I havn’t heard very many of the discs in Buda Musique’s Ethiopiques series though I’m aware that the bulk of the music released in that series has tended to focus on popular jazz, soul, groove and other Western-derived genres that took root and flourished in Ethiopia over the past 60-plus years with an emphasis on the music from the 1950s to 1975. Occasionally the series will venture into lesser known home-grown genres and folk traditions in Ethiopia and Volume 29, focusing on singer Kassa Tessema (1927 – 1973), is one such outlier. This collection gathers up two albums’ worth of material Tessema recorded and released on vinyl: the first eight songs come off an album released in 1972 and the remaining five from an album made posthumously from tapes recorded privately and released in 1976. According to the sleeve notes that accompany this CD, these albums are the only recordings of Tessema’s ever to have been released on vinyl.

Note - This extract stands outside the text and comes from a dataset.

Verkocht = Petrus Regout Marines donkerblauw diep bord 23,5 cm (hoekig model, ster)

On all 13 songs that Tessema sings, he accompanies himself on the krar, a six-stringed triangular lyre, picking the strings note by note instead of strumming the instrument with a pick or plectrum to play chords. This technique of playing the krar, said in the CD sleeve notes to be dying out in Ethiopia, lends all the songs a mournful, introspective air as well as showcasing Tessema’s remarkable voice. The melancholy mood suits the subject matter of the songs, several of them being about love lost, separation from one’s love or the pain of being alone. Quite a few songs like “Fanno” and “Gelel” have a martial theme and sometimes listeners may wonder whether, when Tessema is singing about love and separation, he is referring to a real woman, a romanticised ideal of womanhood or even Ethiopia idealised as a woman. That Tessema comes across as loyal and patriotic almost to a fault is not surprising given his background: entering the Imperial Bodyguard of Emperor Haile Selassie at the age of 17 years, he remained there for the rest of his life and saw action in the Korean War in two tours of duty from June 1951 to April 1952 and from April 1953 to April 1954. No other musicians or instruments feature on the album: all you hear is Tessema and his krar.

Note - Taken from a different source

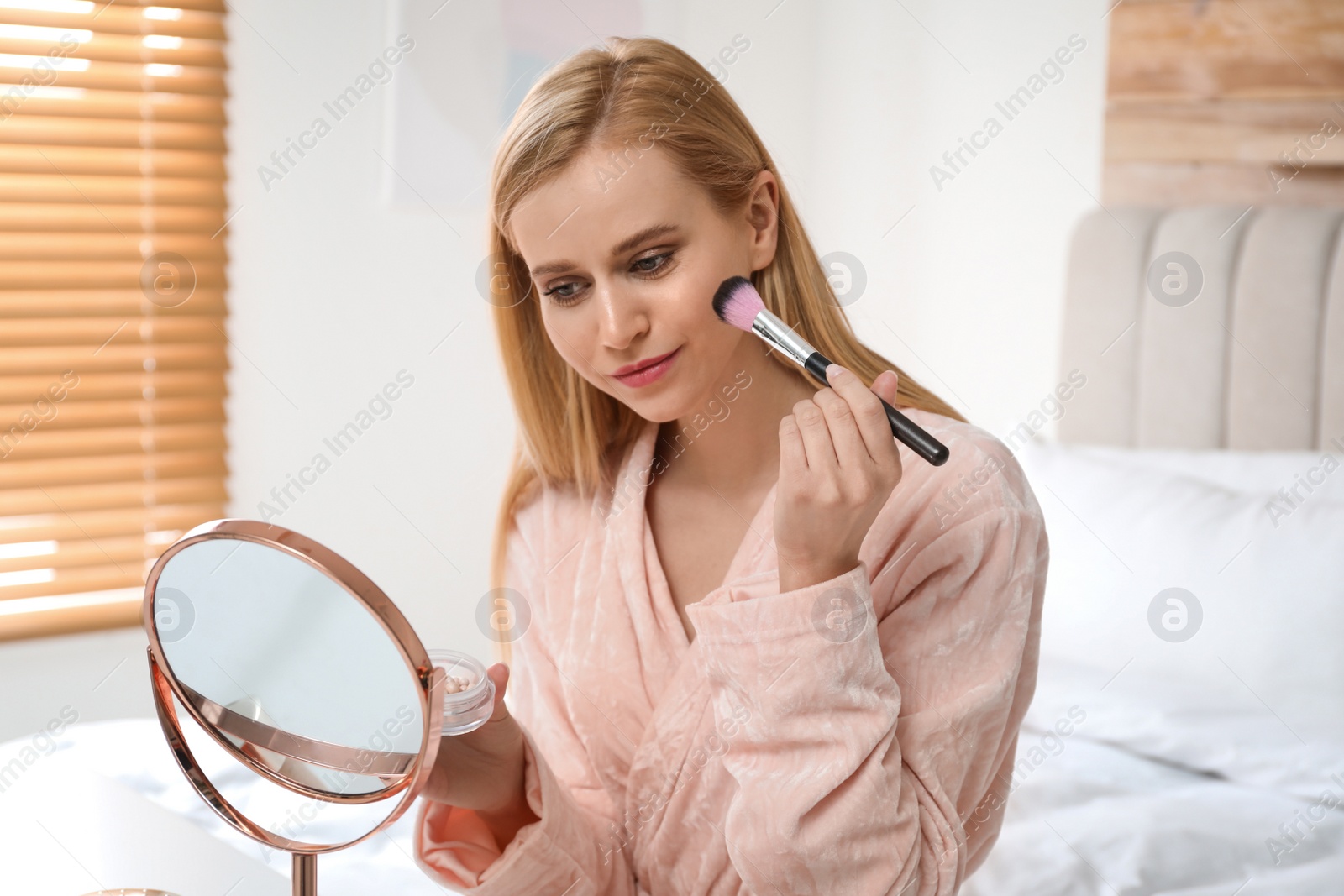 Photo of Beautiful woman with mirror applying makeup in bedroom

If the songs from the 1972 album are minimal and sometimes quite strange to the Western ear, the later songs are different again: sung and performed in different keys, the tracks can have the feel of blues music. The emotion in Tessema’s singing can be quite intense and almost overwhelming. Although he still plays his krar by fingering, the notes almost run into one another, tremolo style. As the 1976 songs were recorded in a private setting, the quality of the recordings is not the best and the krar can sound a bit blunted. Even so, with what exists, the sound is rich and suggests that had Tessema not died prematurely, his style could have continued to develop into a powerful and highly evocative musical entity capable of an amazing range of emotional expression.

While there are no sing-along pieces here, Tessema more than amply compensates with his playing and his deeply sonorous voice that conveys a deep feeling and which commands respect no matter what he happens to be singing about. The little that survives of his work is to be treasured indeed.